▶ [What you should do]: Your answer should consist of the listing, repeated exactly.

▶ [Record extracts]:
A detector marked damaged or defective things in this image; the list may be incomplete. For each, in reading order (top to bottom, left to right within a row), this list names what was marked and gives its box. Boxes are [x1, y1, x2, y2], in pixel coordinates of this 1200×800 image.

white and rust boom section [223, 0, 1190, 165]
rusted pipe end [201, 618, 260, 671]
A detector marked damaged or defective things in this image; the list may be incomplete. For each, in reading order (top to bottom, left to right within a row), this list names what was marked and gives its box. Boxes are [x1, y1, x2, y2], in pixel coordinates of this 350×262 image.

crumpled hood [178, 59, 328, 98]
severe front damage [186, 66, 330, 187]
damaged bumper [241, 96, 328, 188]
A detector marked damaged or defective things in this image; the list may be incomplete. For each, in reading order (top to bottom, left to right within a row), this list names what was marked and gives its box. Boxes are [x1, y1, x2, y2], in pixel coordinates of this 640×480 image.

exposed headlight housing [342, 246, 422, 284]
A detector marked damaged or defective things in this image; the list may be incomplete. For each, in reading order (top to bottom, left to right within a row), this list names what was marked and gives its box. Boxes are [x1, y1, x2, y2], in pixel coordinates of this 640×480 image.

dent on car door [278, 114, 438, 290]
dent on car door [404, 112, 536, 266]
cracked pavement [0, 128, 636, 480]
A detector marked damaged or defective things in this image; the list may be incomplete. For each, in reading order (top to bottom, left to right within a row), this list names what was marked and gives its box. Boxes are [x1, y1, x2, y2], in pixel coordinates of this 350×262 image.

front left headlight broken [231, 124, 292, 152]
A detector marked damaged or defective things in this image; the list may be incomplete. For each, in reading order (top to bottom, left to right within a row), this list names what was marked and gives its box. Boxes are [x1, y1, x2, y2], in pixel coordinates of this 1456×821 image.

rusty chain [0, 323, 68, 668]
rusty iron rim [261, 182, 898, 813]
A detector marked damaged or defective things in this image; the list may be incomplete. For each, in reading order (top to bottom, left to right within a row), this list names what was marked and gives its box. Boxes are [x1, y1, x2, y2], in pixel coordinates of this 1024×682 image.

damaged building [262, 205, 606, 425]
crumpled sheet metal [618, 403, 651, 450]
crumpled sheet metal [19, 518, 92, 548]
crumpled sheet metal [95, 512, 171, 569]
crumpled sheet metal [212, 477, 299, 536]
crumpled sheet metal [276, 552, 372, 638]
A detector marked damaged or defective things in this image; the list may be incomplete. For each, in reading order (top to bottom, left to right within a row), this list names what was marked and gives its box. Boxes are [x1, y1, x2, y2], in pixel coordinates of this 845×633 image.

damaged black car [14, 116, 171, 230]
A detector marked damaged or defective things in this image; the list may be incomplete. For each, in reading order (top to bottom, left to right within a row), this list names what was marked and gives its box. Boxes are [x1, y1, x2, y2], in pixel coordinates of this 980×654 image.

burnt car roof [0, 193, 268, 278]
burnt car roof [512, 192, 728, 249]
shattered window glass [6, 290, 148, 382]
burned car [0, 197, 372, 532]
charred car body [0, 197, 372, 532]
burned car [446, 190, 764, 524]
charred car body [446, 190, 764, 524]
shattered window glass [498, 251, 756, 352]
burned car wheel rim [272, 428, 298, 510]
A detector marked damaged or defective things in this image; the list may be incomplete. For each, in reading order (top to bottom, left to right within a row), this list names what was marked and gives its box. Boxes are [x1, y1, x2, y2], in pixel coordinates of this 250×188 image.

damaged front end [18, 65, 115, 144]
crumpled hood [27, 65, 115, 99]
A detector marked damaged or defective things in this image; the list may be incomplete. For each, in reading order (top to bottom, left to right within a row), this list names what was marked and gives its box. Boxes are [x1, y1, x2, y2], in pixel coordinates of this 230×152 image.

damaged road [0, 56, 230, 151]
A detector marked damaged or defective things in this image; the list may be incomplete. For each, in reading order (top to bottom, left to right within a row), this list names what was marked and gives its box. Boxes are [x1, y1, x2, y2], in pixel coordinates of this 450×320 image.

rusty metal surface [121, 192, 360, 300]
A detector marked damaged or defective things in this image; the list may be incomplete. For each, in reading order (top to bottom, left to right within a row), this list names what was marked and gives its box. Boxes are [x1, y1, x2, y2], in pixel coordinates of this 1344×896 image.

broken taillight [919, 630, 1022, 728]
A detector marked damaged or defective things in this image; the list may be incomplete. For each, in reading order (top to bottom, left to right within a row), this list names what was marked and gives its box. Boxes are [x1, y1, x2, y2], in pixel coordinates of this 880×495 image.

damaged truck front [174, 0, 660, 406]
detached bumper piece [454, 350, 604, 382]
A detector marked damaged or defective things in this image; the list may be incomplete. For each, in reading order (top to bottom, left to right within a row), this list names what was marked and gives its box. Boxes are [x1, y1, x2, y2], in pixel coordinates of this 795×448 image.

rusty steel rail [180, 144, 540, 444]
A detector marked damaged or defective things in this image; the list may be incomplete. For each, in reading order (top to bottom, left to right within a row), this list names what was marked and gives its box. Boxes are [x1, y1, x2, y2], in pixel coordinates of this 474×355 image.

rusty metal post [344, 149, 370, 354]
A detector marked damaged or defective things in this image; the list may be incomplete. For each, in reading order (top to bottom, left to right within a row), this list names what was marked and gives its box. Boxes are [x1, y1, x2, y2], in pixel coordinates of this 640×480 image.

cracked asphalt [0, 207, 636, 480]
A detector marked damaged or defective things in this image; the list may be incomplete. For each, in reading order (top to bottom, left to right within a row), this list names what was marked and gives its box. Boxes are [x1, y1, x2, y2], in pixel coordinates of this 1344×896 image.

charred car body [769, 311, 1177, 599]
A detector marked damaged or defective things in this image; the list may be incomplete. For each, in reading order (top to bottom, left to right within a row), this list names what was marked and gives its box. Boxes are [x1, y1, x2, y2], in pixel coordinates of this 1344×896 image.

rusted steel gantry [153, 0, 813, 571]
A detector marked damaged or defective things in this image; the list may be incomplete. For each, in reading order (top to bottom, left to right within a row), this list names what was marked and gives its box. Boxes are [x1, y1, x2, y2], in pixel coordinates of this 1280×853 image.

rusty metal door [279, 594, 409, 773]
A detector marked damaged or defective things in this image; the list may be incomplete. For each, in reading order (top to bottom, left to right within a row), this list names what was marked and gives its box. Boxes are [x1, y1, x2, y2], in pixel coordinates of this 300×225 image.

▶ [Written answer]:
A detector marked damaged or defective things in this image; the list may be incomplete. For each, in reading order (top to bottom, left to right within a row), this list names what was marked and gives its box. Boxes are [x1, y1, x2, y2], in pixel coordinates of this 1200×800 image.

white and rust boom section [223, 0, 1190, 165]
rusted pipe end [201, 618, 260, 671]
A detector marked damaged or defective things in this image; the list may be incomplete. For each, in reading order (top to bottom, left to right within a row), this list names what was marked and gives its box. Boxes are [x1, y1, x2, y2], in pixel coordinates of this 350×262 image.

crumpled hood [178, 59, 328, 98]
severe front damage [186, 66, 330, 187]
damaged bumper [241, 96, 328, 188]
A detector marked damaged or defective things in this image; the list may be incomplete. For each, in reading order (top to bottom, left to right within a row), this list names what was marked and gives its box. Boxes are [x1, y1, x2, y2], in pixel coordinates of this 640×480 image.

exposed headlight housing [342, 246, 422, 284]
A detector marked damaged or defective things in this image; the list may be incomplete. For each, in reading order (top to bottom, left to right within a row), this list names what was marked and gives its box. Boxes are [x1, y1, x2, y2], in pixel coordinates of this 640×480 image.

dent on car door [278, 114, 438, 290]
dent on car door [404, 112, 536, 266]
cracked pavement [0, 128, 636, 480]
A detector marked damaged or defective things in this image; the list may be incomplete. For each, in reading order (top to bottom, left to right within a row), this list names what was marked and gives its box. Boxes are [x1, y1, x2, y2], in pixel coordinates of this 350×262 image.

front left headlight broken [231, 124, 292, 152]
A detector marked damaged or defective things in this image; the list may be incomplete. For each, in reading order (top to bottom, left to right within a row), this list names what was marked and gives its box. Boxes are [x1, y1, x2, y2], in pixel coordinates of this 1456×821 image.

rusty chain [0, 323, 68, 668]
rusty iron rim [261, 182, 898, 813]
A detector marked damaged or defective things in this image; the list may be incomplete. For each, in reading order (top to bottom, left to right within a row), this list names what was marked and gives its box. Boxes are [x1, y1, x2, y2], in pixel coordinates of this 1024×682 image.

damaged building [262, 205, 606, 425]
crumpled sheet metal [618, 403, 651, 450]
crumpled sheet metal [19, 518, 92, 548]
crumpled sheet metal [95, 512, 171, 569]
crumpled sheet metal [212, 477, 299, 536]
crumpled sheet metal [276, 552, 372, 638]
A detector marked damaged or defective things in this image; the list may be incomplete. For each, in reading order (top to bottom, left to right within a row), this list names what was marked and gives its box. Boxes are [x1, y1, x2, y2], in pixel coordinates of this 845×633 image.

damaged black car [14, 116, 171, 230]
A detector marked damaged or defective things in this image; the list may be incomplete. For each, in reading order (top to bottom, left to right within a row), this list names what was marked and gives its box. Boxes are [x1, y1, x2, y2], in pixel coordinates of this 980×654 image.

burnt car roof [0, 193, 268, 278]
burnt car roof [512, 192, 728, 249]
shattered window glass [6, 290, 148, 382]
burned car [0, 197, 372, 532]
charred car body [0, 197, 372, 532]
burned car [446, 190, 764, 524]
charred car body [446, 190, 764, 524]
shattered window glass [498, 251, 756, 352]
burned car wheel rim [272, 428, 298, 510]
A detector marked damaged or defective things in this image; the list may be incomplete. For each, in reading order (top to bottom, left to right within a row), this list names what was marked and gives its box. Boxes are [x1, y1, x2, y2], in pixel coordinates of this 250×188 image.

damaged front end [18, 65, 115, 144]
crumpled hood [27, 65, 115, 99]
A detector marked damaged or defective things in this image; the list may be incomplete. For each, in reading order (top to bottom, left to right within a row), this list names what was marked and gives its box. Boxes are [x1, y1, x2, y2], in pixel coordinates of this 230×152 image.

damaged road [0, 56, 230, 151]
A detector marked damaged or defective things in this image; the list may be incomplete. For each, in reading order (top to bottom, left to right within a row), this list names what was marked and gives its box. Boxes are [x1, y1, x2, y2], in pixel coordinates of this 450×320 image.

rusty metal surface [121, 192, 360, 300]
A detector marked damaged or defective things in this image; the list may be incomplete. For each, in reading order (top to bottom, left to right within a row), this list names what was marked and gives its box. Boxes are [x1, y1, x2, y2], in pixel coordinates of this 1344×896 image.

broken taillight [919, 630, 1022, 728]
A detector marked damaged or defective things in this image; the list may be incomplete. For each, in reading order (top to bottom, left to right within a row), this list names what was marked and gives its box. Boxes are [x1, y1, x2, y2], in pixel coordinates of this 880×495 image.

damaged truck front [174, 0, 660, 406]
detached bumper piece [454, 350, 604, 382]
A detector marked damaged or defective things in this image; the list may be incomplete. For each, in reading order (top to bottom, left to right within a row), this list names what was marked and gives its box. Boxes are [x1, y1, x2, y2], in pixel coordinates of this 795×448 image.

rusty steel rail [180, 144, 540, 444]
A detector marked damaged or defective things in this image; the list may be incomplete. For each, in reading order (top to bottom, left to right within a row), this list names what was marked and gives its box. Boxes are [x1, y1, x2, y2], in pixel coordinates of this 474×355 image.

rusty metal post [344, 149, 370, 354]
A detector marked damaged or defective things in this image; the list may be incomplete. For each, in reading order (top to bottom, left to right within a row), this list names what was marked and gives its box. Boxes are [x1, y1, x2, y2], in pixel coordinates of this 640×480 image.

cracked asphalt [0, 207, 636, 480]
A detector marked damaged or defective things in this image; the list may be incomplete. For each, in reading order (top to bottom, left to right within a row), this list names what was marked and gives its box. Boxes are [x1, y1, x2, y2], in pixel coordinates of this 1344×896 image.

charred car body [769, 311, 1177, 599]
A detector marked damaged or defective things in this image; the list may be incomplete. For each, in reading order (top to bottom, left to right within a row), this list names what was marked and gives its box. Boxes are [x1, y1, x2, y2], in pixel coordinates of this 1344×896 image.

rusted steel gantry [153, 0, 813, 571]
A detector marked damaged or defective things in this image; the list may be incomplete. For each, in reading order (top to bottom, left to right within a row), this list names what was marked and gives its box. Boxes are [x1, y1, x2, y2], in pixel coordinates of this 1280×853 image.

rusty metal door [279, 594, 409, 773]
A detector marked damaged or defective things in this image; the list may be incomplete. For each, in reading order (top to bottom, left to right within a row), this list names what was marked and gives its box. Boxes are [x1, y1, x2, y2], in pixel coordinates of this 300×225 image.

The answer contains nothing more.